Predicted 10-year/lifetime CV risks were 50%/95% (FH) and 62%/82% (SP) for SoC and 27%/83% (FH) and 44%/69% (SP) for evolocumab plus SoC. Predicted 10-year/lifetime major CV event risks were 42%/86% (FH) and 47%/67% (SP) for SoC and 21%/68% (FH) and 31%/52% (SP) for evolocumab plus SoC. Predicted per patient-year rates of non-fatal/fatal CV events were 2.2/0.8 (FH) and 1.1/0.6 (SP) for SoC and 1.2/0.6 (FH) and 0.7/0.5 (SP) for evolocumab plus SoC. Predicted CV event reductions per mmol/L were 17% (FH) and 15% (SP). Evolocumab treatment was associated with increased QALYs and costs compared with SoC (FH: ∆cost, €65,369; ∆QALY, 2.12; incremental cost-effectiveness ratio [ICER], €30,893; SP: ∆cost, €42,266; ∆QALY, 0.93; ICER, €45,340).
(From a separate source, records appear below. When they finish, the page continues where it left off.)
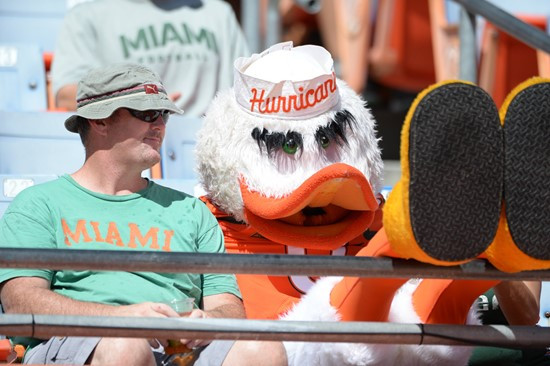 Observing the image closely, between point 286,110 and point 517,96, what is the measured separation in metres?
0.94

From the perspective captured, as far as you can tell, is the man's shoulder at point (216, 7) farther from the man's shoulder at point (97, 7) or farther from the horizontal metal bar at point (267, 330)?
the horizontal metal bar at point (267, 330)

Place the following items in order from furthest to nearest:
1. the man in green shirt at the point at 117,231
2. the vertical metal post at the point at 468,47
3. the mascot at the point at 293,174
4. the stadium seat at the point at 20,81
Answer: the stadium seat at the point at 20,81
the vertical metal post at the point at 468,47
the mascot at the point at 293,174
the man in green shirt at the point at 117,231

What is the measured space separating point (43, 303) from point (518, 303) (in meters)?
1.16

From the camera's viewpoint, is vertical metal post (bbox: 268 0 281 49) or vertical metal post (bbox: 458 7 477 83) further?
vertical metal post (bbox: 268 0 281 49)

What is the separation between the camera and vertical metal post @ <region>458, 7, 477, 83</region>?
471cm

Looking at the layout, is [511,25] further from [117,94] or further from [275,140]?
[117,94]

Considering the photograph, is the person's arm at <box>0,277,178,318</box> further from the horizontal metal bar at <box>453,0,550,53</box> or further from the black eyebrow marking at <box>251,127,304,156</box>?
the horizontal metal bar at <box>453,0,550,53</box>

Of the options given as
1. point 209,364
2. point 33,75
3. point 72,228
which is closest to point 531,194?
point 209,364

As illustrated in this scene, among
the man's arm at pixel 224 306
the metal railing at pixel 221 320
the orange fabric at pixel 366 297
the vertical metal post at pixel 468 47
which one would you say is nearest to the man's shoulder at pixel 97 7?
the vertical metal post at pixel 468 47

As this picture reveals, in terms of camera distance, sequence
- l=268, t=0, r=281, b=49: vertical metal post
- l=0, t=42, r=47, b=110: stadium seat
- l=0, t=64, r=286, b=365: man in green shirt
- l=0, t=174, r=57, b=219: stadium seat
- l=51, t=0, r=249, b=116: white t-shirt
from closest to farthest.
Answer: l=0, t=64, r=286, b=365: man in green shirt < l=0, t=174, r=57, b=219: stadium seat < l=51, t=0, r=249, b=116: white t-shirt < l=0, t=42, r=47, b=110: stadium seat < l=268, t=0, r=281, b=49: vertical metal post

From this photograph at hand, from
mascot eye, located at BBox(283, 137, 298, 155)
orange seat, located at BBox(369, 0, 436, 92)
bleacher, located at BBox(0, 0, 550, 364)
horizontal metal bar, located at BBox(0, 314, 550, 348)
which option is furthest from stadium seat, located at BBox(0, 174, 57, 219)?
orange seat, located at BBox(369, 0, 436, 92)

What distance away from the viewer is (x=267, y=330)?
2.28m

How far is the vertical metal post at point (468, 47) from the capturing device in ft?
15.5

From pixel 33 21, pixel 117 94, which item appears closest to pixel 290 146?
pixel 117 94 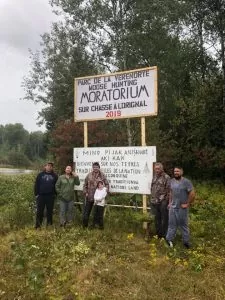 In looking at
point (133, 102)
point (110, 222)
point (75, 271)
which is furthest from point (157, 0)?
point (75, 271)

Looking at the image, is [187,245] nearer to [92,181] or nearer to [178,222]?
[178,222]

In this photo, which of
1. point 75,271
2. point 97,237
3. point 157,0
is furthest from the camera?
point 157,0

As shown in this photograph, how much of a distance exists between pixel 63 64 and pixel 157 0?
701cm

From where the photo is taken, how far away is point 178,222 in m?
10.5

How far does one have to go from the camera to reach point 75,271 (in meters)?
8.43

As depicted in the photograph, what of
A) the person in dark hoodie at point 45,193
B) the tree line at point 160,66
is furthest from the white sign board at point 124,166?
the tree line at point 160,66

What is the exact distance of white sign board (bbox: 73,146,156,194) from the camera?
12.1 m

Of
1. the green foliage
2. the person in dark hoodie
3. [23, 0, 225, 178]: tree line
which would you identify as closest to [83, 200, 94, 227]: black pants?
the person in dark hoodie

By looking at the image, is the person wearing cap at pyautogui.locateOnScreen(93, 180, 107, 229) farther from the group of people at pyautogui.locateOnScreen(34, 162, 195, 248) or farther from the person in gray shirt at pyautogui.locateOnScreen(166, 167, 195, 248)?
the person in gray shirt at pyautogui.locateOnScreen(166, 167, 195, 248)

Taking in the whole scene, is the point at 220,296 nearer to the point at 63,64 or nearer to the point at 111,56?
the point at 111,56

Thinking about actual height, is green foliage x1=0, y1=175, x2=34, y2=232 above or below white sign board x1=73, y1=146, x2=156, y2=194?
below

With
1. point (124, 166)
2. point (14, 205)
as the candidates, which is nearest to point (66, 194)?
point (124, 166)

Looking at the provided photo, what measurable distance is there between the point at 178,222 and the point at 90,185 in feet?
9.36

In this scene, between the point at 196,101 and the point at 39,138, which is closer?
the point at 196,101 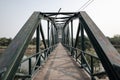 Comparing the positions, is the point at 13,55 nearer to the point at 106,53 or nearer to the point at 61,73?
the point at 106,53

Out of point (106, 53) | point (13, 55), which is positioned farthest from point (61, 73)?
point (13, 55)

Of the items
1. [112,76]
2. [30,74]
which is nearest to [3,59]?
[112,76]

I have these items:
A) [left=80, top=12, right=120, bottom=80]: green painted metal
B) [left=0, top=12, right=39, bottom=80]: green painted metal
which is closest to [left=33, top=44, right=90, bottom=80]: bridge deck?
[left=80, top=12, right=120, bottom=80]: green painted metal

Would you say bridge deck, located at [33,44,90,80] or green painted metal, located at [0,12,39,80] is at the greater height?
green painted metal, located at [0,12,39,80]

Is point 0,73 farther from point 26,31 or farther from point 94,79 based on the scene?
point 94,79

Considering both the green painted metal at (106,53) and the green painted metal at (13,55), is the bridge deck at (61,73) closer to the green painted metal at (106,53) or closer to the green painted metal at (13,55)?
the green painted metal at (106,53)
Evolocumab plus to SoC may provide a cost-effective option for LDL-C lowering in FH and SP patients in Spain.
我们的目标是从西班牙国家卫生系统的角度评估依洛尤单抗在心血管(CV)事件高危患者中的成本效益。
采用马尔可夫模型评估依洛尤单抗联合标准治疗(SoC;他汀类药物)与SoC相比的成本效益(每质量调整生命年[QALY]的增量[∆]成本;或成本效用),假设进行终身治疗。考虑基线低密度脂蛋白胆固醇(LDL-C)>100mg/dL且患有家族性高胆固醇血症(FH)或有CV事件病史(二级预防[SP])的队列。终身CV事件发生率的预测方法为:(1)使用考虑当地风险因素(西班牙家族性高胆固醇血症队列研究)的风险方程,并进行调整以反映FH患者增加的风险;或(2)使用来自当地登记处(初级保健研究发展信息系统)的SP患者的CV事件发生率。将依洛尤单抗试验(依洛尤单抗140mg每2周一次和420mg每月一次)中LDL-C的相对降低率,通过他汀类药物试验的荟萃分析(胆固醇治疗试验者协作组)中每毫摩尔每升(mmol/L;38.67mg/dL)对应的率比,转换为CV事件降低率。
对于SoC,预测的10年/终身CV风险分别为50%/95%(FH)和62%/82%(SP);对于依洛尤单抗联合SoC,分别为27%/83%(FH)和44%/69%(SP)。对于SoC,预测的10年/终身主要CV事件风险分别为42%/86%(FH)和47%/67%(SP);对于依洛尤单抗联合SoC,分别为21%/68%(FH)和31%/52%(SP)。预测的每患者年非致命/致命CV事件发生率,对于SoC分别为2.2/0.8(FH)和1.1/0.6(SP);对于依洛尤单抗联合SoC分别为1.2/0.6(FH)和0.7/0.5(SP)。每降低1mmol/L预测的CV事件减少率为17%(FH)和15%(SP)。与SoC相比,依洛尤单抗治疗与QALY增加和成本增加相关(FH:∆成本,65369欧元;∆QALY,2.12;增量成本效益比[ICER],30893欧元;SP:∆成本,42266欧元;∆QALY,0.93;ICER,45340欧元)。
在西班牙,依洛尤单抗联合SoC可能为FH和SP患者降低LDL-C提供一种具有成本效益的选择。